И вижу, что есть у него горе.

- Что же, - спрашиваю, - как решились в Россию?

Посмотрел он на меня, улыбнулся. Отхлебнул из стакана.

- Решился, - говорит, - тридцать второй год, как не был, а помнил всегда.

- Как же так вышло?

Отодвинул он от себя стакан, сел покрепче, вижу, говорить хочет (простые-то люди о своем заветном всегда очень открыто).

- Жил я, - говорит, - последнее время в Австралии, имел хозяйство. Я, конечно, человек трезвый. Четырнадцать лет проплавал я до того на миссионерском судне, и ходили мы по океану, по самым глухим островам, где людоеды. Был я на пароходе плотником. Пойдем, бывало, года на два с евангелиями. И оставалося у меня целиком жалованье, за четырнадцать лет скопил кой-какую копейку. А в те времена много хвалили жизнь в Австралии. Там я и остался, купил землю, обзавелся хозяйством. Женился я еще раньше, на здешней, - была у меня дочь. Сами понимаете, какая у моряка семейная жизнь. Хорошо, у кого крепкое сердце... Померла жена рано, пришлось отдать дочь в чужие руки, - по-русски она не умела. Так-то раз приезжаю: вижу, не ладно, что-то от меня скрывает. А потом все объяснилось, сошлась она с каким-то, увез он ее далеко, в Зюд-Африку, там она и теперь, и нет никакого слуху... А я о России тосковал всегда, и всегда у меня была надежда вернуться, тридцать второй год этим живу.

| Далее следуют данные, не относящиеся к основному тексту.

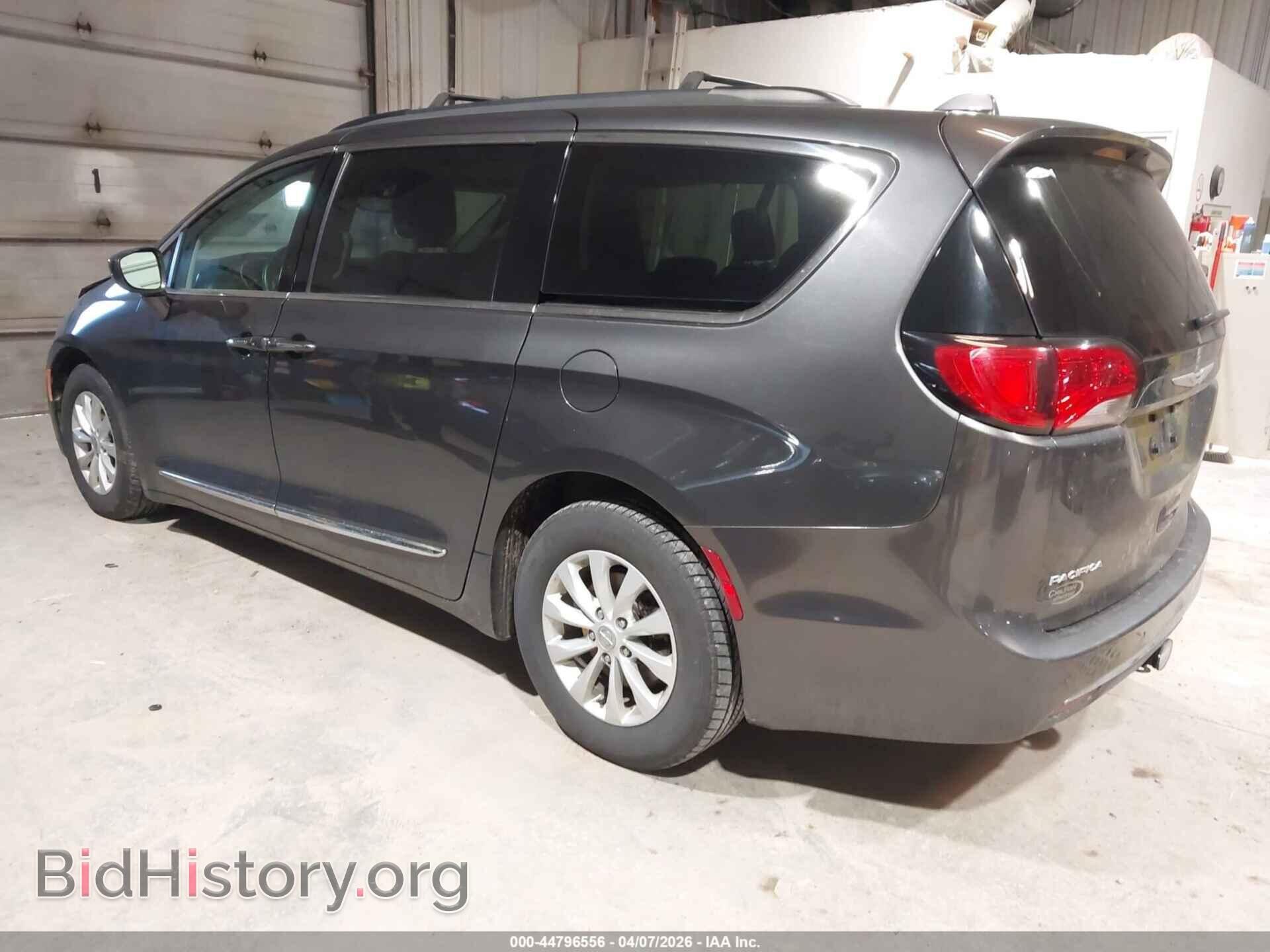 2017 CHRYSLER PACIFICA - VIN: 2C4RC1BG8HR510452 - Фото 3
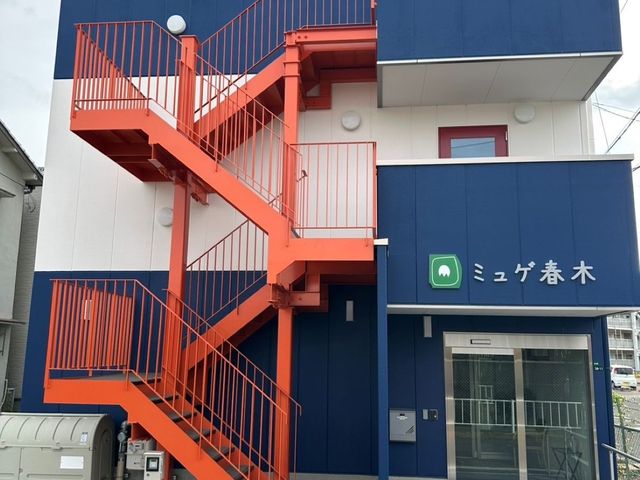 エントランス エントランス バリアフリー設計の明るい出入口です。車椅子でも入りやすく安心できます。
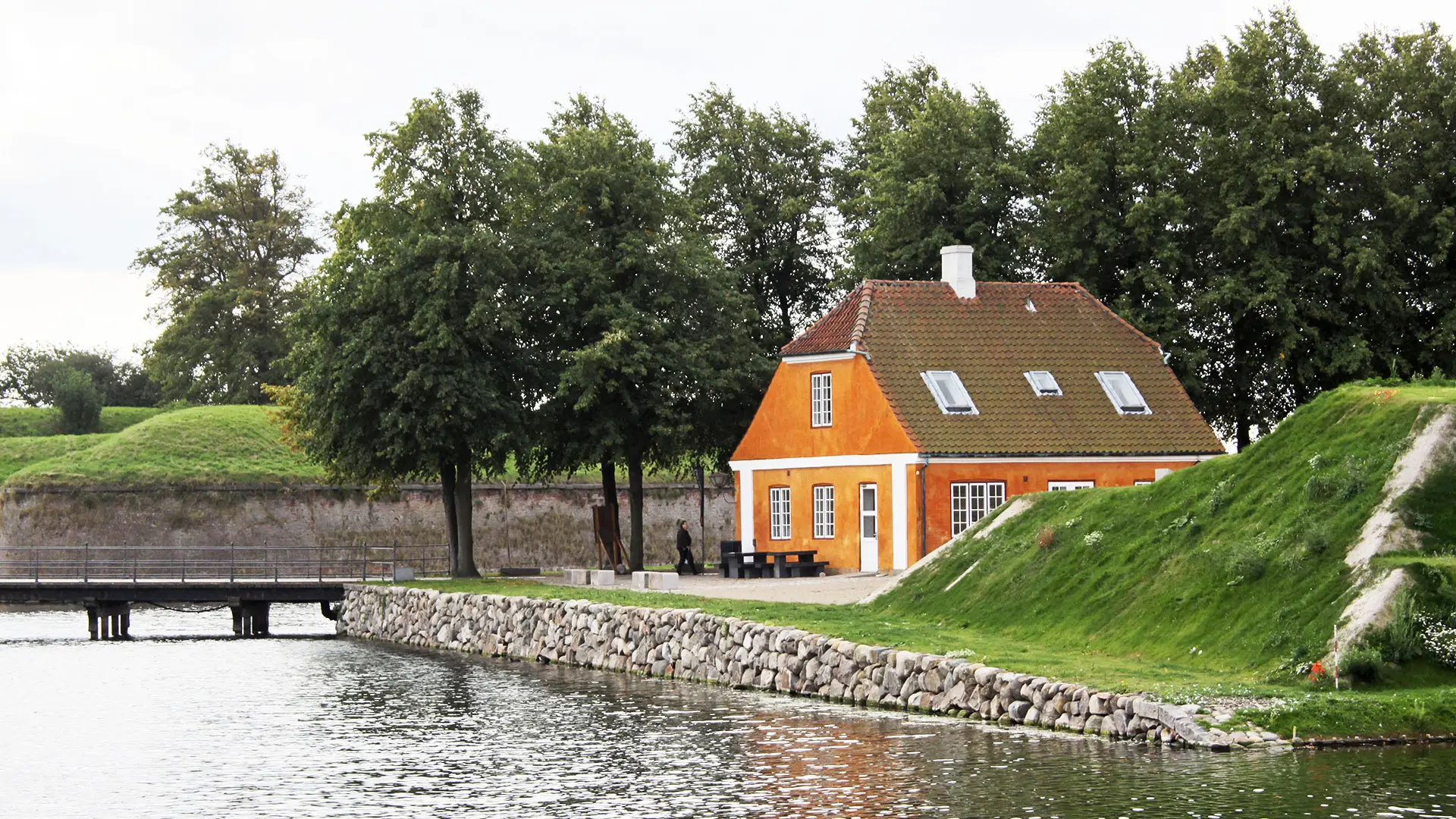 Brohuset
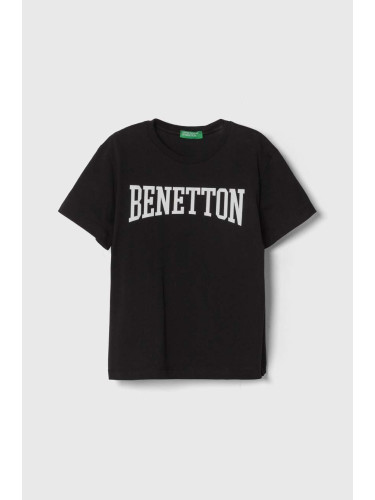 Детска памучна тениска United Colors of Benetton в черно с принт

Уехал я еще от военной службы, от наказания в далекие времена, - бежало нас пять человек, помогли нам люди пробраться за границу. Тут-то мы и порастерялись, и остался я в одиночестве. Поступил я на парусник. В те времена знаете... Контракт на два года, по полтора фунта в месяц. Ходили мы с лесом в Австралию, по полгоду качались на океане. Хватил я тогда горя, и было мне полишей всякой каторги. Так вот мотался я более тридцати лет по всему белому свету...

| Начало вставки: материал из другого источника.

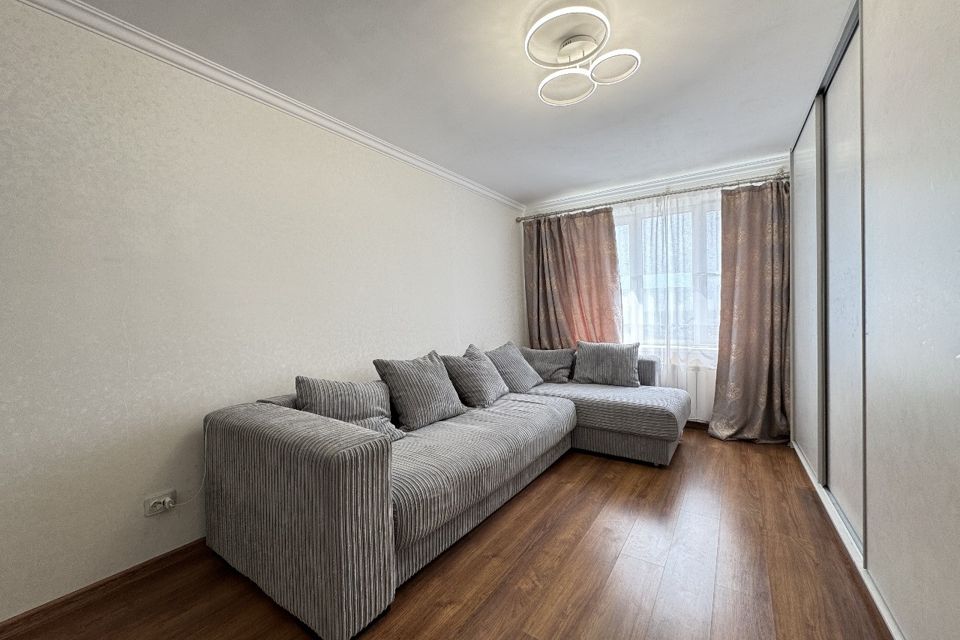 Продаётся 2-комнатная квартира, 71.7 м²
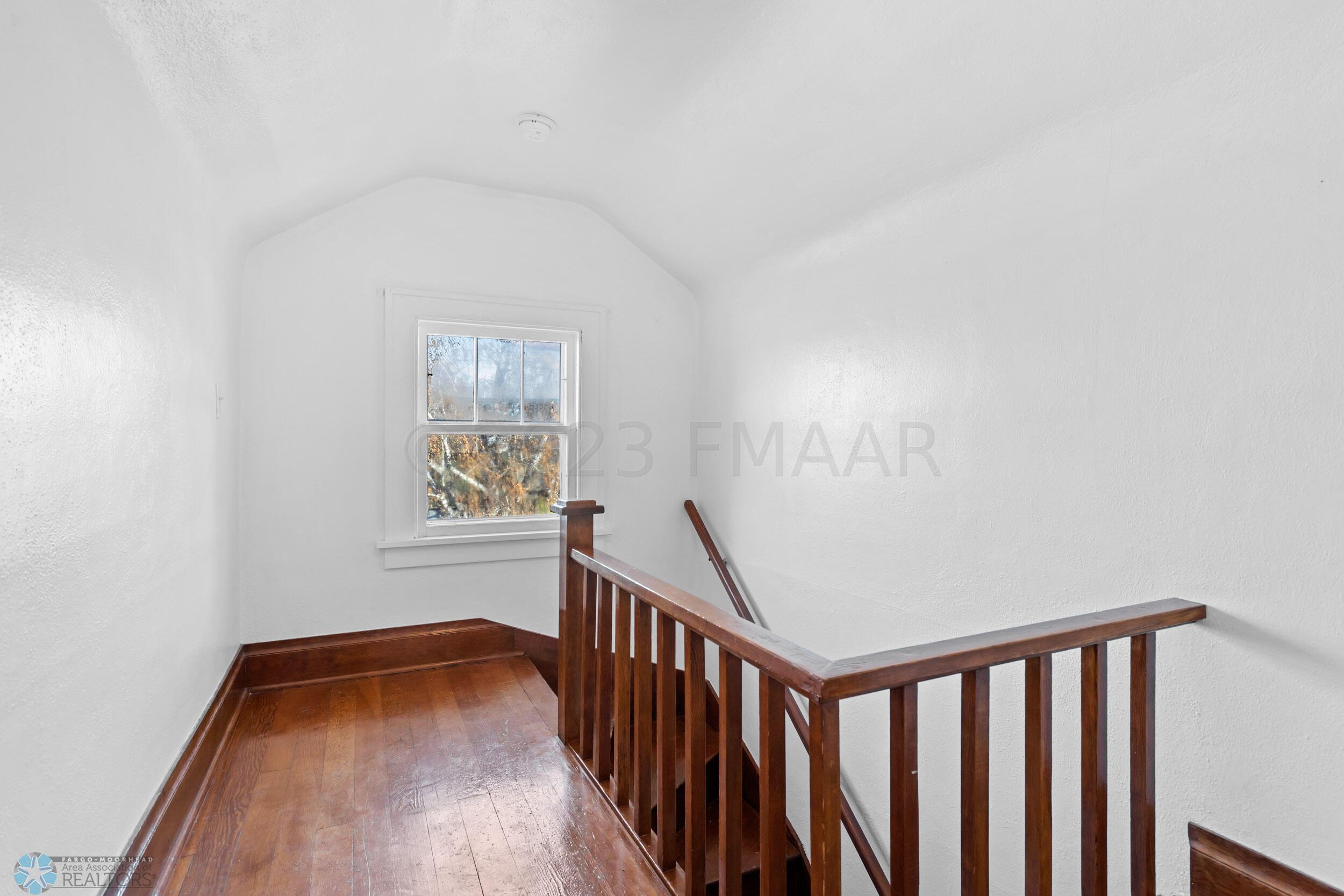 1009 ROBERTS Avenue NE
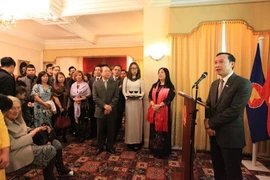 Đại sứ Nguyễn Văn Thảo chúc Tết kiều bào tại Anh. (Ảnh: Đỗ Sinh-Như Mai/Vietnam+)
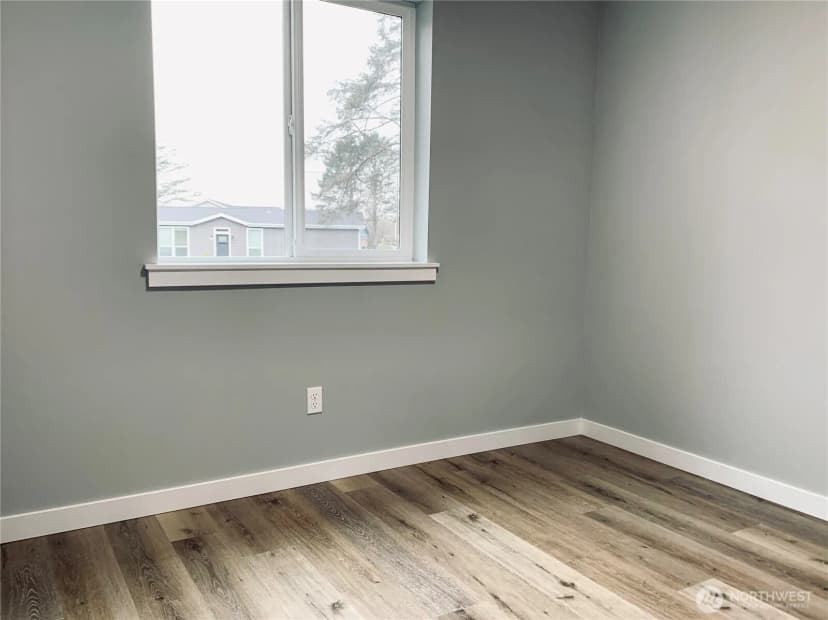 Property photo for 518 Dolphin Avenue Ne, Ocean Shores photo 8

Допил он свой стакан, вытер усы, посмотрел на меня приветно.

- Вот, - говорит, - а теперь собрался в Россию. Как услышал еще в Австралии о перевороте, так и решился. Все свое продал, дом у меня новый, овец четыреста голов, - собрал кой-какие деньжонки и, как говорится, напропалую! А на что еду - не знаю. Я к вам зашел, думаю: не скажете ль вы о России...

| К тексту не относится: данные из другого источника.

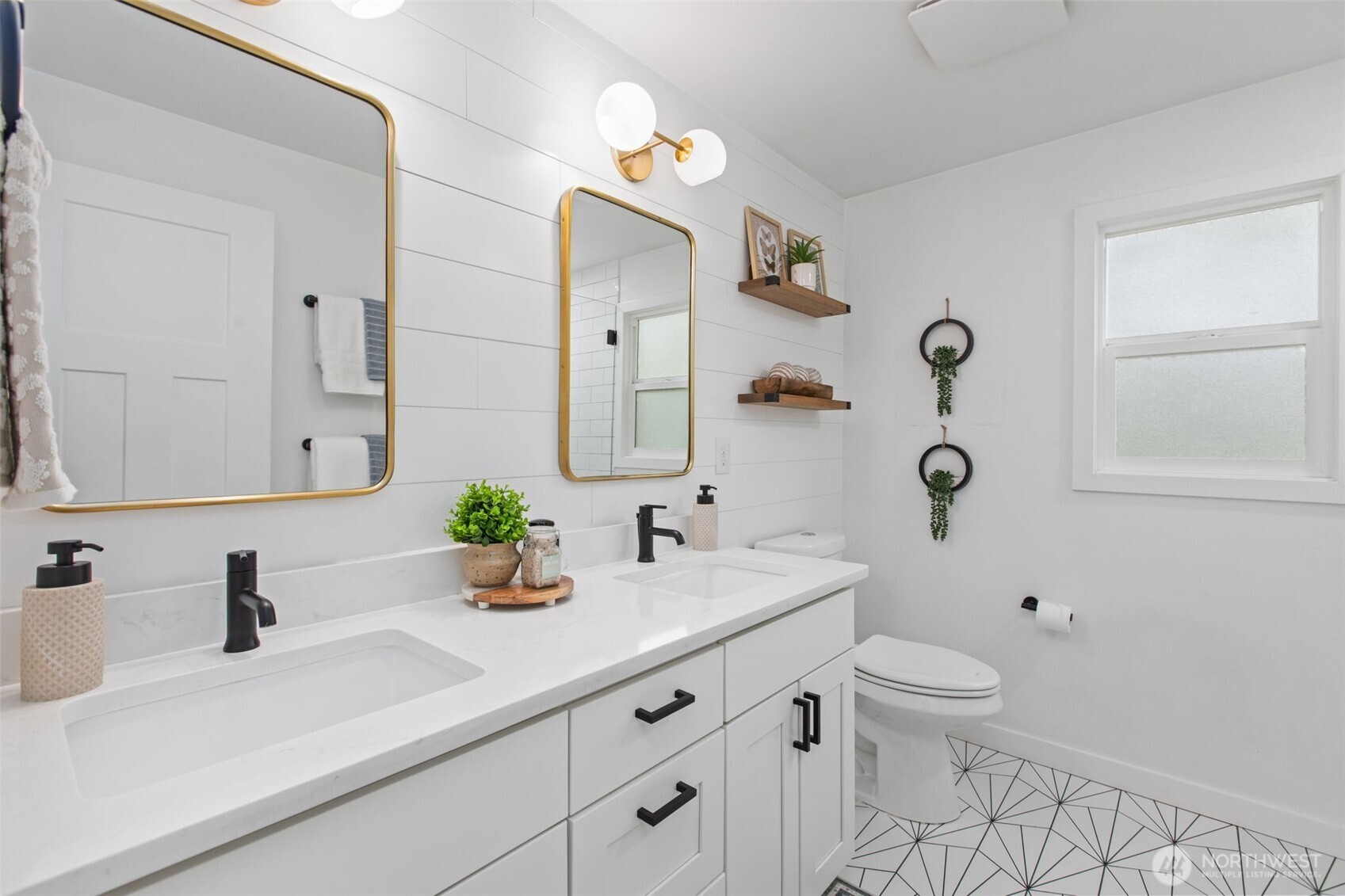 4707 S Brandon Street , Seattle, WA 98118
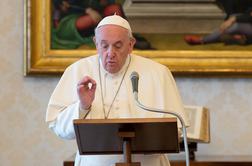 Papež znižal plače kardinalom in drugim zaposlenim v Vatikanu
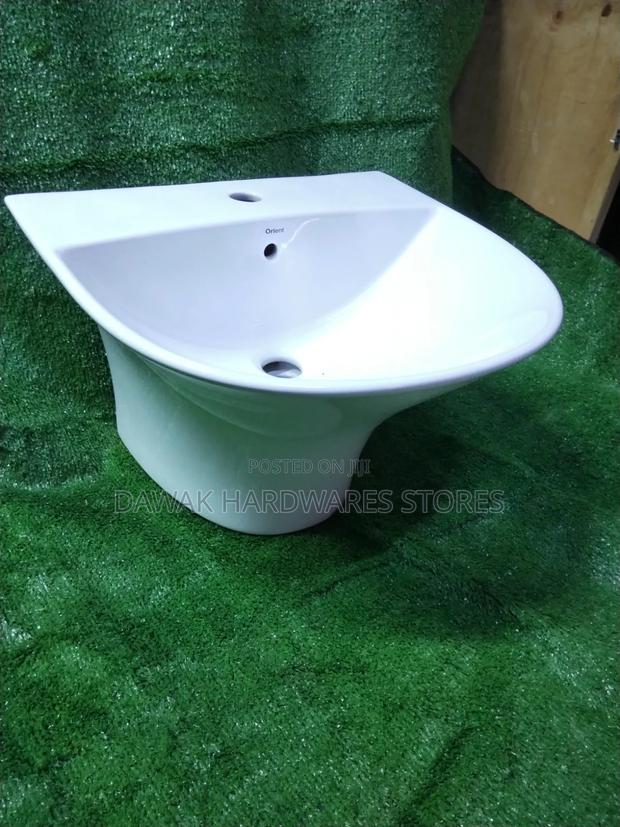 Semi Wall Hung Washhandbasin - thumbnail 4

- Рад бы, - говорю, - вам помочь, да сами ничего не знаем, и наше положение даже хуже, потому что не можем мы никуда двинуться.

- Разное пишут.

- Пишут, - говорю, - разное, только очень хорошо известно, что большой в России голод, и множество людей помирает.

Посмотрел он на меня, улыбнулся:

- Нам, - говорит, - не пугаться. А помирать на своей земле легче.

Просидели мы так весь вечер. И очень он мне полюбился. Удивлялся я, что за тридцать два года не разучился правильно говорить по-русски, а это не малая редкость, и очень скоро отвыкает от своего языка русский человек. Думал я, как только ни играет с человеком судьба, и сколько раскидано по свету людей, и даже стыдно мне стало за свое горе: разве я давно из России и перетерпел в сравнении с ним мало.